For each old L2 vlan, we deploy a pair of route reflectors. This route reflectors will relay NLRI information between L2 servers and border SONIC L3 switches.

BGP Route reflectors

image alt <>

BGP protocol is de-facto ubiquitous today. It was devised for ISP/IX/WAN but lately it started to be used on large LANs. There are 2 modes of BGP: eBGP and iBGP. eBGP is used between autonomous systems. iBGP is used inside the autonomous systems. We chose to implement iBGP for VLAN (in L2) / VRF (L3) and eBGP for routing between those separated internal networks. We can do that because traffic between internal networks is not large and we are filtering/firewalling it. Predefined-AS number is used for servers and switches included in the network ( for vlan in L2 or for VRF in L3 ). This way the network becomes a fully Autonomous System.

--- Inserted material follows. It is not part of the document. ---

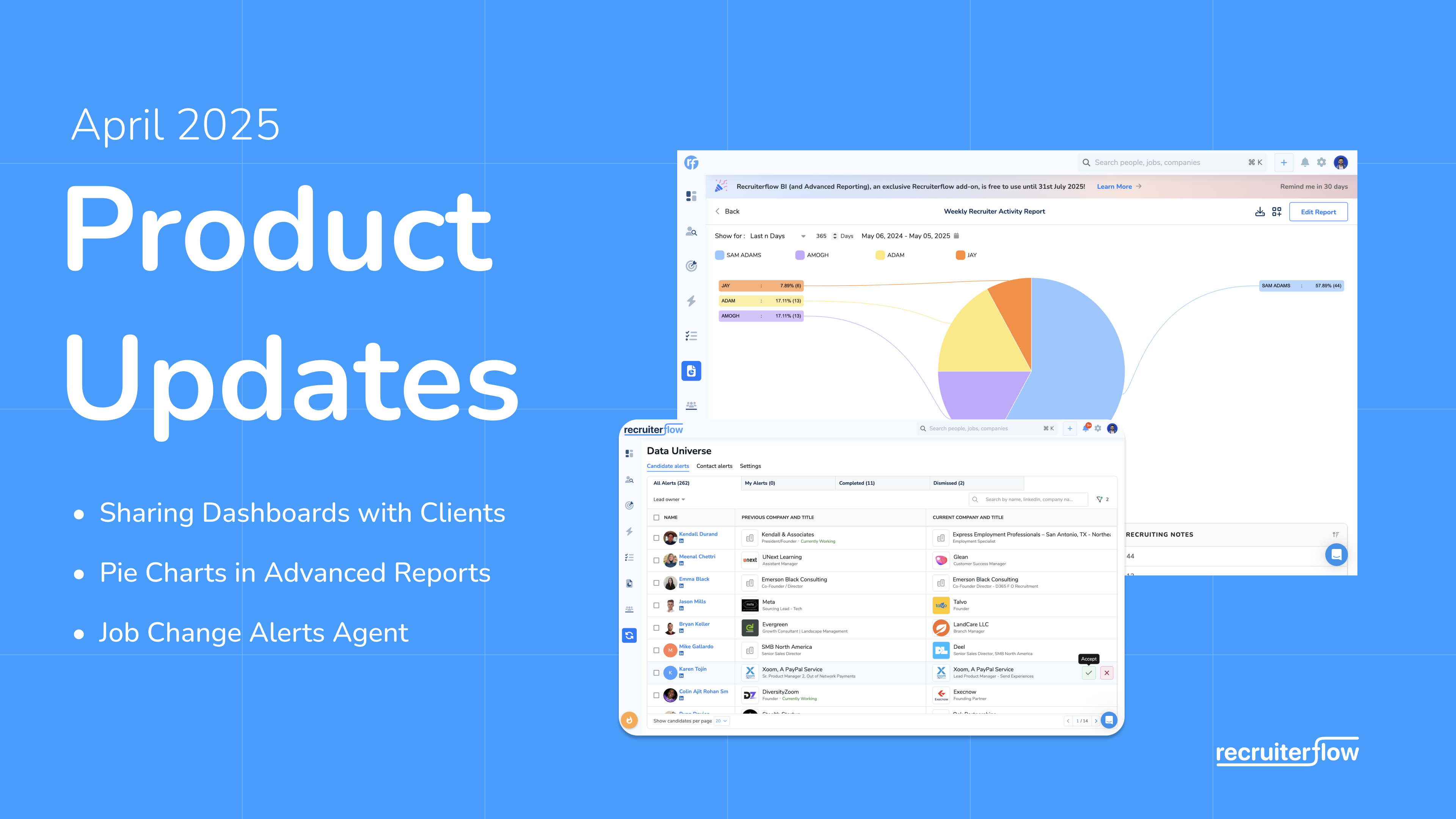 New Features in Recruiterflow - April 2025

Usually iBGP requires full-mesh peering setup. With hundreds of servers in single vlan scale, full-mesh topology would be impossible one to achieve. Full mesh connection formula is:

total number of connections= ( n*(n-1) )/2 where n= the number of devices.

RR (Route Reflector) can propagate iBGP routes to peers, hence a full mesh of iBGP peers is not necessary. With network scaling-up, adding new peers will require only peering (SONIC Switches or L2 servers) with 2x Route-Reflectors. Both RR act as active ones (active-active solution) to provide redundancy along with multipath routes. Please be aware: Route-Reflectors are not routers per se! They are only “reflecting” NLRIs(prefixes+attributes) to the connected clients - IP traffic is not forwarded nor passed by them directly. We use FRR demons to implement RRs:

Peering route-reflectors between each other

# cat /etc/frr/frr.conf # <--- Click this to show more
!
 bgp cluster-id 172.16.63.0
 neighbor BGP-KFFR peer-group
 neighbor BGP-KFFR remote-as internal
 neighbor BGP-KFFR description KFRR internal
 neighbor 172.16.63.2 peer-group BGP-KFFR
 neighbor 172.16.63.2 description kfrr2
 !
 address-family ipv4 unicast
  neighbor BGP-KFFR soft-reconfiguration inbound
  neighbor BGP-KFFR route-map KFRR-IMPORT in
  neighbor BGP-KFFR route-map KFRR-EXPORT out
 exit-address-family
!
ip prefix-list KFRR-ANY seq 5 permit any
!
route-map KFRR-IMPORT permit 1
 description KFFR IMOPRT
 match ip address prefix-list KFRR-ANY
!
route-map KFRR-EXPORT permit 1
 description KFFR EXPORT
 match ip address prefix-list KFRR-ANY
!
line vty
!

There needs to be intra-connection between pair of two route-reflectors to avoid split-brain case.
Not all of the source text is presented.